Most churchfolk in American Christendom, especially those of a white bourgeois rearing, have, for generations, in both Sunday School and sanctuary, been furnished an impression of Jesus as a person who went briefly about teaching love and doing good: gentle Jesus, pure Jesus, meek Jesus, pastoral Jesus, honest Jesus, fragrant Jesus, passive Jesus, peaceful Jesus, healing Jesus, celibate Jesus, clean Jesus, virtuous Jesus, innocuous Jesus. Oddly enough, this image of Jesus stands in blatant discrepancy to biblical accounts of the ministry of Jesus familiar to everyone (by which Jesus is known to have been controversial in relation to his family and in synagogue appearances, to have suffered poignantly, to have known complete rejection of intimates no less than enemies, and to have been greeted more often with apprehension than acclaim).
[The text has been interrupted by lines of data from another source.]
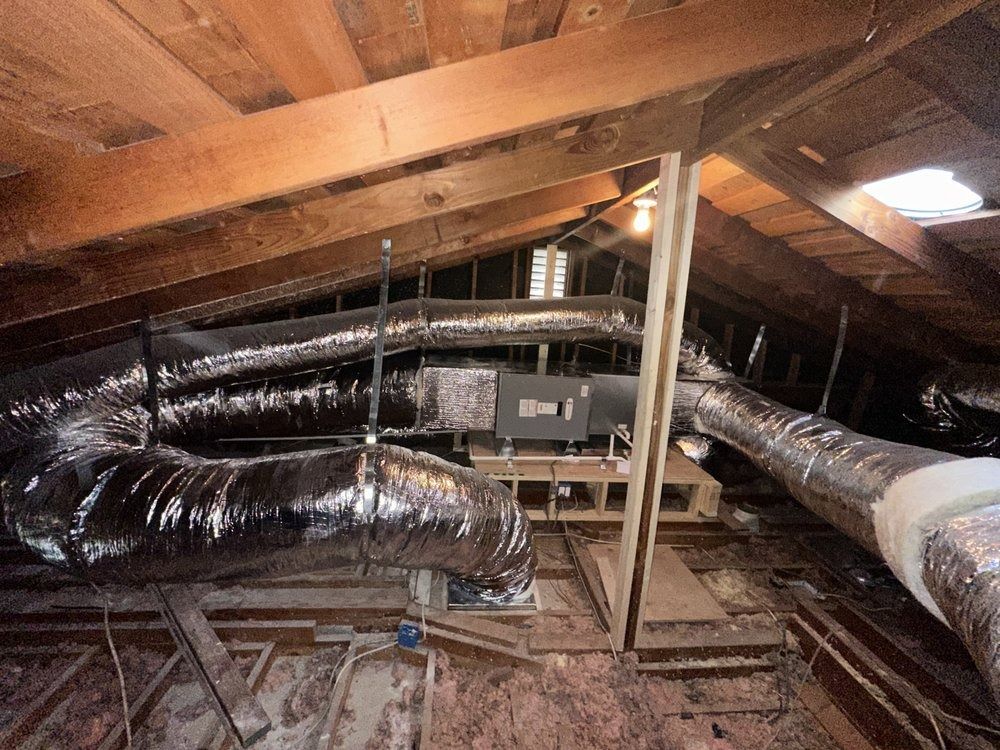 Attic with wooden beams, insulation, and HVAC ductwork snaking through the space.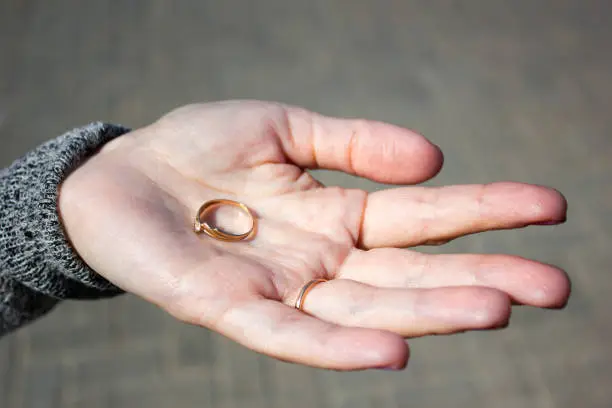 Photo of Girl holds the ring in her palm.Woman holds a ring in her hand. Young girl holds a ring in her palm.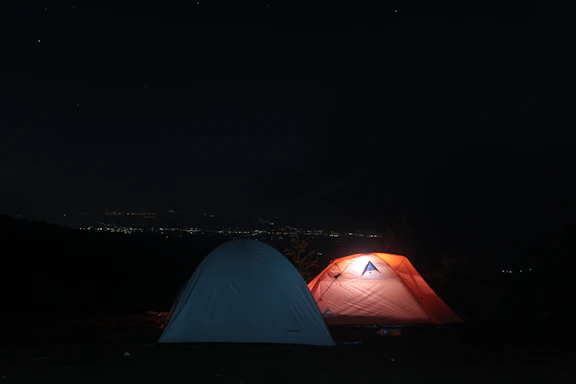 A cozy camping scene at dusk with a tent softly lit from inside under a starry sky.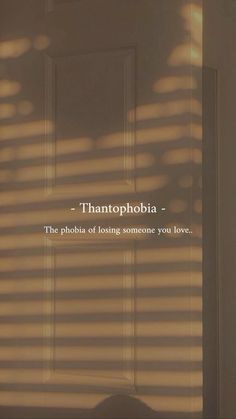 there is a quote on the wall that says, thantophobia - the phobia of losing someone you love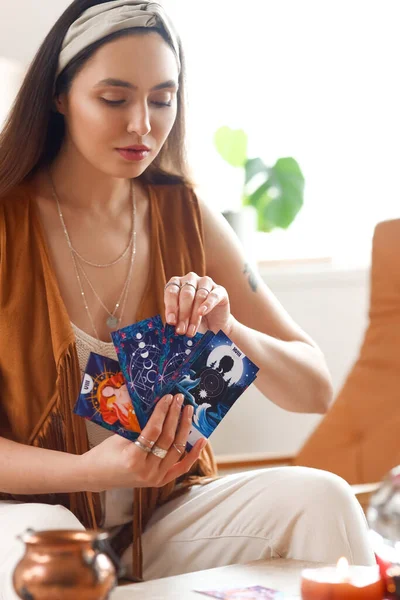 stock image Fortune teller with tarot cards predicting future at home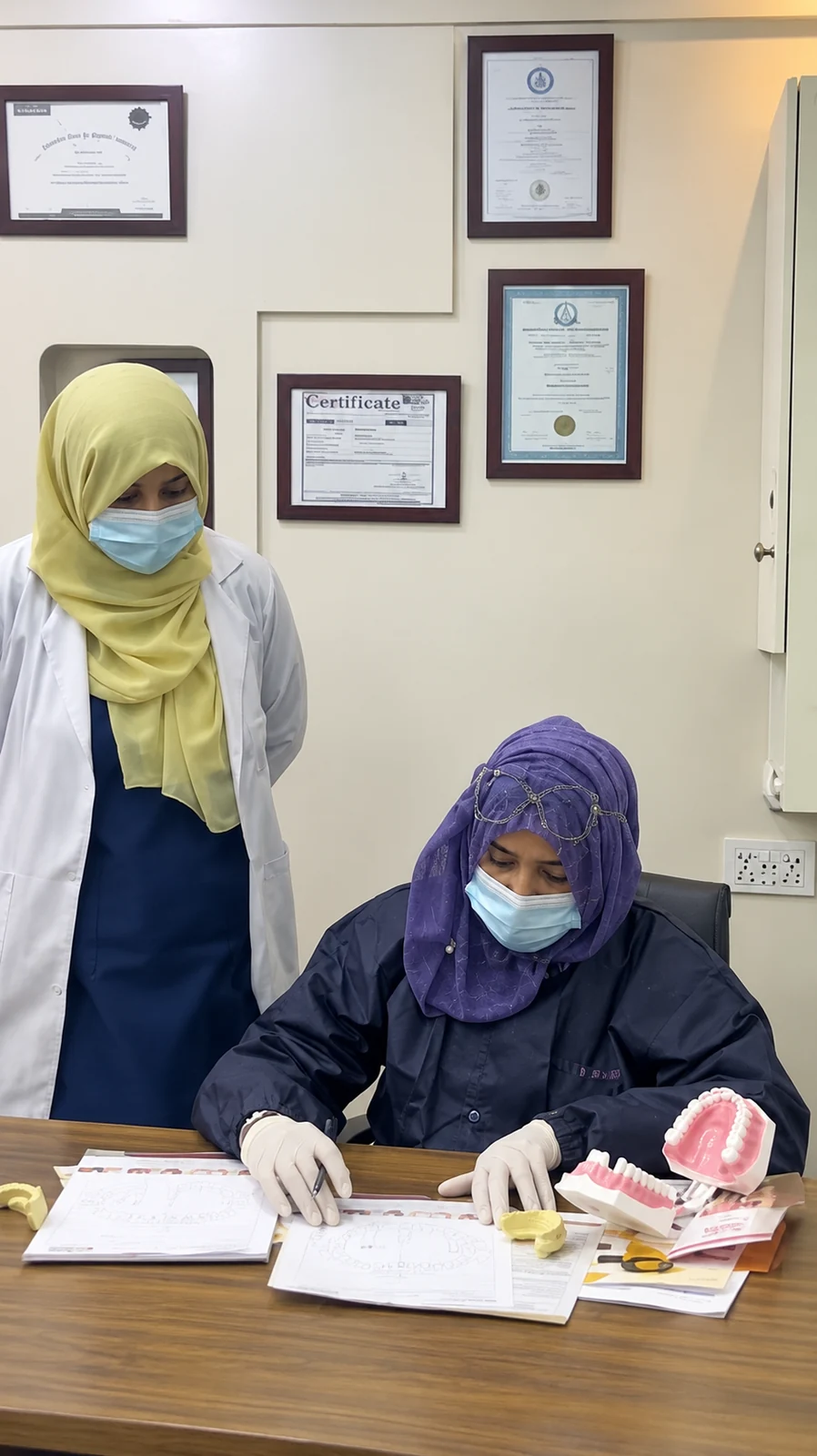 Two Smile team members reviewing paperwork with a dental model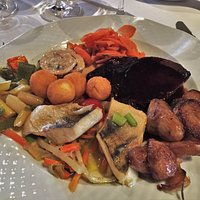 Mix of food on the one plate.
Sharing from his childhood Stringfellow goes on to say:
I became aware that others’ felt this discrepancy, too, and that some met it by steadfastly concentrating on the idea of an innocuous Jesus since that convenienced their way of life. They made the effort to overlook the contrary evidence of Holy Week and the disquiet it occasioned. Some others, I noticed, opted the other way: they ideologized Jesus, rendering him a more political agitator. I found both of these attempts deeply unsatisfactory, both being narrow and acculturated versions of Jesus, the one pietistic, the other political.
And isn’t this still often how we try and access Jesus? He is either pietistic, or political. It is really hard to imagine someone like Martin Luther King Jr. or John Woolman or Simone Weil, who was both faithful and religious, and yet created a lot of problems for the powers that be. Religion in our day either teaches us to stay out of the way, or that being a pain in the ass is the only way.
Yet, Jesus, the one hung as an insurrectionist, approaches a weeping woman (Mary) in the Garden and comforts her. He gives her a new hope and she is the first witness to resurrection. I think we want it one way or the other, we want piety or politics but Jesus reminds us that the call to follow him is not so easily drawn with hard and fast lines. We are called to move beyond ourselves, to be challenged and changed, to turn around as Mary did, and respond to the voice of the risen one.